To store Numpress-linear-encoded arrays, an extra column
<array_name>_numpress_linear_bytes is added alongside the
<array_name>_chunk_values column. It is a list of byte arrays
(large_list<u8> in Arrow parlance — not large_binary; see the
discussion of string-type "optimisation").
Its array-index entry MUST have buffer_format chunk_transform and the
same array type, array name, data type, unit, and data-processing ID as the
_chunk_values column. The transform field MUST be MS:1002312.
Note
The start point is included in the chunk-values array — it is a specific component of the Numpress-encoded bytes.
Opaque array transforms¶
Sometimes we prefer to store data lossily in non-uniform, unaligned, or otherwise
non-standard types that have no physical representation in Parquet. MS-Numpress's
short logged float (SLOF) and positive-integer encodings are good examples. While
Numpress-linear handles the coordinate dimension, opaque transforms can also
encode the secondary arrays in chunks. These columns are recorded in the array
index with buffer_format chunk_transform, and the transform field is the
CURIE for the relevant method — for example
MS:1002314 for MS-Numpress SLOF.
The column's physical type MUST be a list of byte arrays, though the type in
the array index MUST be the decoded array's real type. Column names
SHOULD be of the form <array_name>_<transform_name>_bytes, e.g.

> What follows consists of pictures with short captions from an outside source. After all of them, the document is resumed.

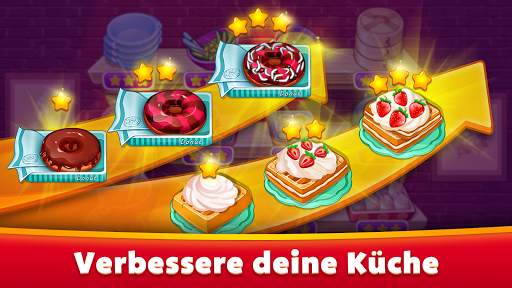 Asian Cooking Star: Food Game screenshot 3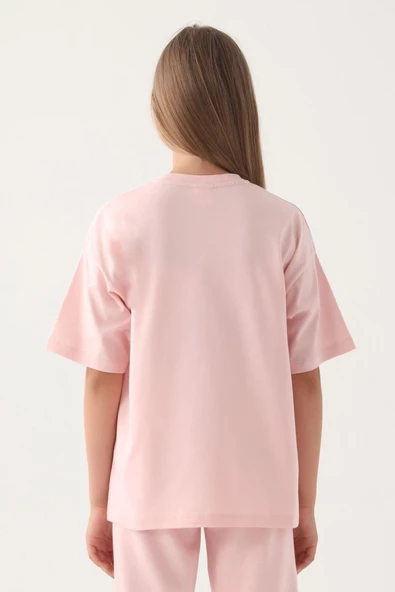 KAPPA KIZ ÇOCUK T-SHIRT 331T2RW - 4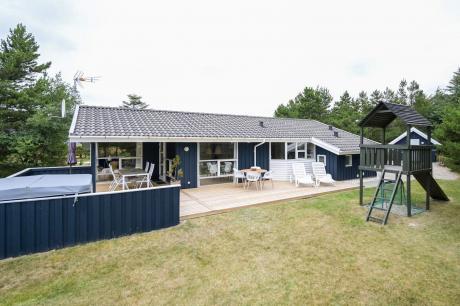 Vakantiehuis Denemarken - : 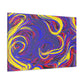 Viridescent Nectar - Abstract - Canvas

intensity_numpress_slof_bytes.
Reading a single entry from the chunked encoding¶
To read a single entry (spectrum, chromatogram, …) stored in chunks:
- Identify which columns are annotated as
chunk_start,chunk_end,chunk_encoding, andchunk_valuesin the array index. The<entity_type>_indexcolumn MUST be the first column in the table, so it always has index 0. - Find the row group containing the entry's index value via the row-group metadata. Optionally, if the page index is available, find the row ranges of the pages that contain that index.
- Read the selected row group (or page row range) and filter to rows whose
<entity_type>_indexequals the entry's index. - Optionally, sort the rows by their
chunk_startvalue — usually ascending for the quantity being measured. - Process each selected row, decoding its
chunk_valuesaccording tochunk_encodingand anytransformin the array index. Unpack thechunk_secondarycolumns and apply any transforms, accumulating each column's arrays across rows. Some transforms require additional information from the entity's metadata table. - If the entry has additional auxiliary arrays, read and decode them from the metadata table.